- Interactive map of Holyoke Glacier
- Type: glacier
- Location: College Fjord, Alaska, U.S.
- Coordinates: 61°09′40″N 147°57′28″W﻿ / ﻿61.16111°N 147.95778°W
- Length: 1.5 miles (2.4 km)
- Highest elevation: 3,655 ft (1,114 m)

= Holyoke Glacier =

Glacier in Alaska, United States

Holyoke Glacier is a 1.5 mi glacier in the U.S. state of Alaska. It trends southeast on the west bank of College Fjord, 6.8 mi southwest of College Point and 65 mi east of Anchorage. It was named by U.S. Grant and D.F. Higgins, USGS, in 1908. It was named for Mount Holyoke College in South Hadley, Massachusetts.

==Geography==
Holyoke Glacier, which heads in a large cirque and is fed by two glaciers from a small cirque on the south, has two weak medial moraines extending from spurs between its south tributaries.
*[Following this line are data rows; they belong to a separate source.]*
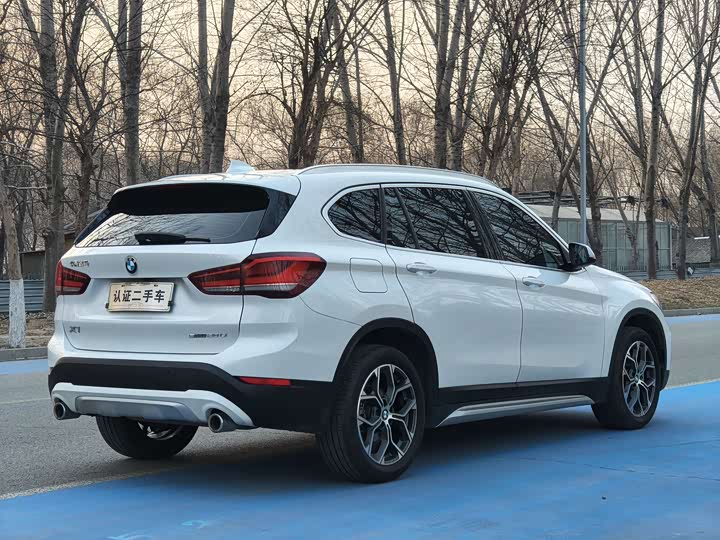 Фото 5 - BMW X1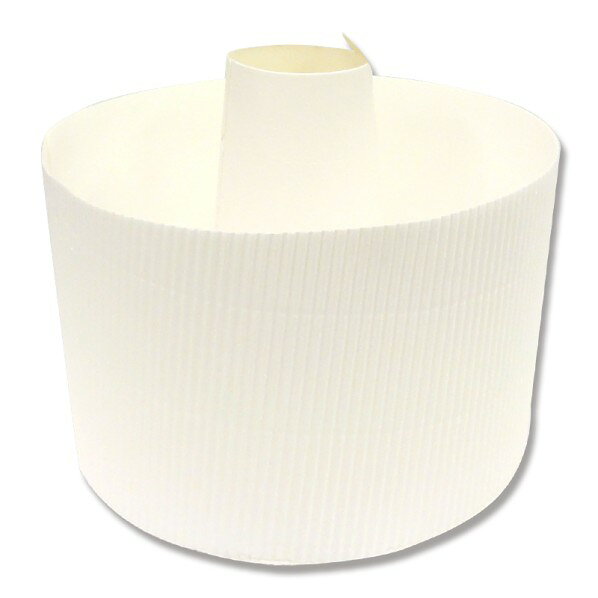 天満紙器 シフォンシリーズ シフォンカップ 白 10P SC840 004299475 10枚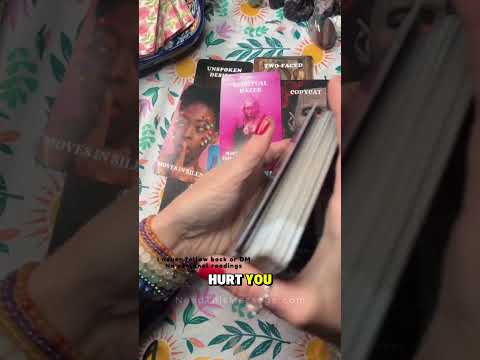 Видео: Ты знал, что они двуличные.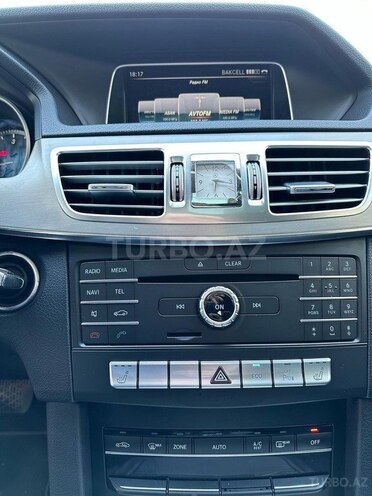 Mercedes E 220 d 2015, 205,000 km - 2.2 l - Bakı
There are no lateral moraines, but there are a few morainic patches along the terminus. The glacier is longer than Barnard Glacier, and extends out over the lip of its hanging valley. In 1910, the glacier nowhere extended to the borders of its barren zone, and the mature spruce forest between the small terminal barren zone and the fiord demonstrates that it has not extended beyond this barren zone for a century or more. No distinct signs of recent advance were seen. The cliff glaciers on the ledges south of Holyoke Glacier present no unusual features.